If you had $300 to 500 to spend at Cabelas what bow would you buy.


----------



## brendo (Sep 10, 2013)

A used one off of archery talk or ksl







But seriously look into that option you can get some good used bows out there. I bought mine earlier this year off of archery talk


----------



## Groganite (Nov 14, 2012)

Ive got a brand new Samick Sage #50 recurve i'd sell you for $100..thats 50 off retail..


----------



## manysteps (Sep 28, 2009)

Starter bows, can't beat the Diamond Infinite Edge... it's a TON of bow for a minuscule $350. (leaves room in the budget for a bit better site than what comes with it, not to mention release, stabilizers, arrows, etc)


----------



## brendo (Sep 10, 2013)

Also if you are set on new I would just go to cabelas or better yet a pro shop and tell them you're price range and shoot a bunch of bows and see which one you feel most comfortable with. Are you a beginner and Is this your first bow?


----------



## manysteps (Sep 28, 2009)

You're better off hitting a local archery shop than Cabelas anyway... go somewhere that the guy helping you knows what he's talking about.


----------



## polarbear (Aug 1, 2011)

Sportsman's has quite a few bows on sale in your price range... mostly PSE and Bear.


----------



## colorcountrygunner (Oct 6, 2009)

If you didn't cap it at $500 I was gonna suggest the bow I picked up to start with last year: The Diamond Outlaw. But hell, once you buy your case, field points, broad heads, release, targets, string wax, arrows, bow shop services, etc., etc., etc., what's another measly $50? Of course when I decided I wanted to take up bow hunting, my wife decided that if I was gonna do it, she was gonna do it. So, take all the expenses I just listed to get you up and running for your first archery hunt and give it a double whammy! OUCH!!! :shock:

But yeah, there are plenty of good choices for bows in the price range you just listed. As another poster just mentioned, the majority of the bows you will be looking at in that price range will be from Bear and PSE. My wife's little $400 ready-to-hunt package Bear Homewrecker has so far killed two fantastic bucks in her first two years hunting with it. You don't need a $1,000 bow for a good hunting tool.


----------



## manysteps (Sep 28, 2009)

The bow doesn't make the shooter, though the right equipment helps. (I guess because I haven't even started shooting the new-to-me PSE that I bought, but I've managed to improve my shooting 10 fold just concentrating on form)


----------



## Bo0YaA (Sep 29, 2008)

Right now Cabelas has their bow which is called the Regulator, fully loaded for $469.00. It normally runs $549.00. I would suggest staying away from used bows for a first bow.


----------



## alpinebowman (Sep 24, 2007)

I would advise against the infinite edge if you are full grown and your draw length won't change. They are not very optimal for performance and can be tough to tune well. Any of the large range starter bows will never really give you what even a low end standard bow will give you.
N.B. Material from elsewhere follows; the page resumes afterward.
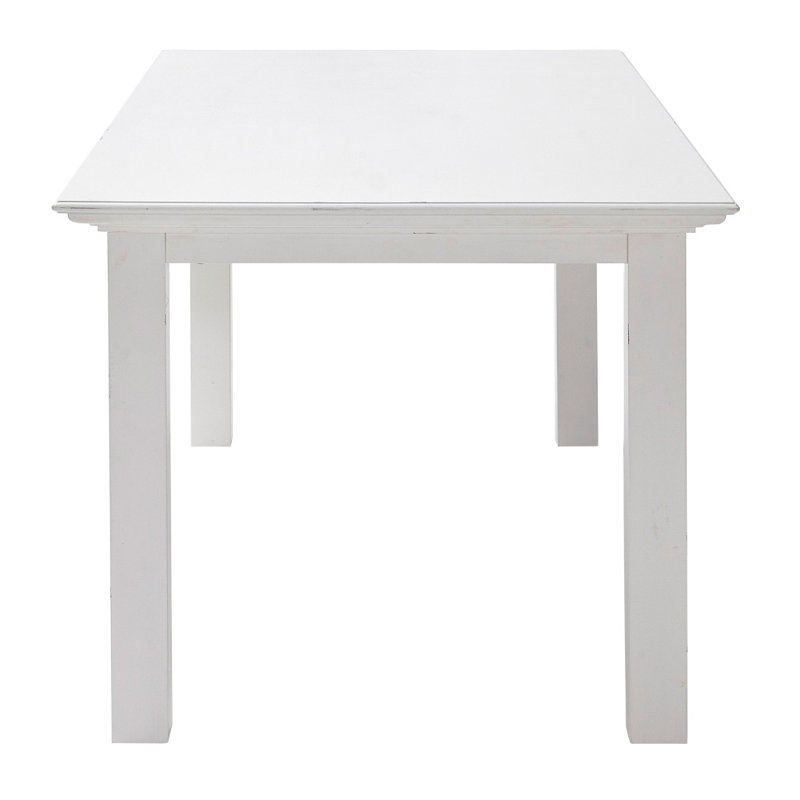 63" White Solid Wood Dining Table, 29.92"H x 62.99"L x 35.43"W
And I agree with the archerytalk/ksl recomondations. You can find some very nice bows in your price range.


----------



## nelsonccc (Jul 8, 2014)

I got mine from HunterFriend.com. It was set up to my exact specifications and it's perfect. I shoot about 70 arrows a weekend and have yet ot have an issue with it. It came with everything I needed to hunt. I got the PSE Stinger and may upgrade the site and stabilizer now that I've had it for a year.


----------



## cc6565 (Feb 6, 2012)

I love my PSE Stinger 3G $399 fully loaded


----------



## bkelz (Dec 3, 2010)

polarbear said:


> Sportsman's has quite a few bows on sale in your price range... mostly PSE and Bear.


I dont get to much into the nitty gritty, but both of these bows are superb for what you pay for! Currently i use a PSE brute x. does everything i ask it too. skull camo works looks great too!


----------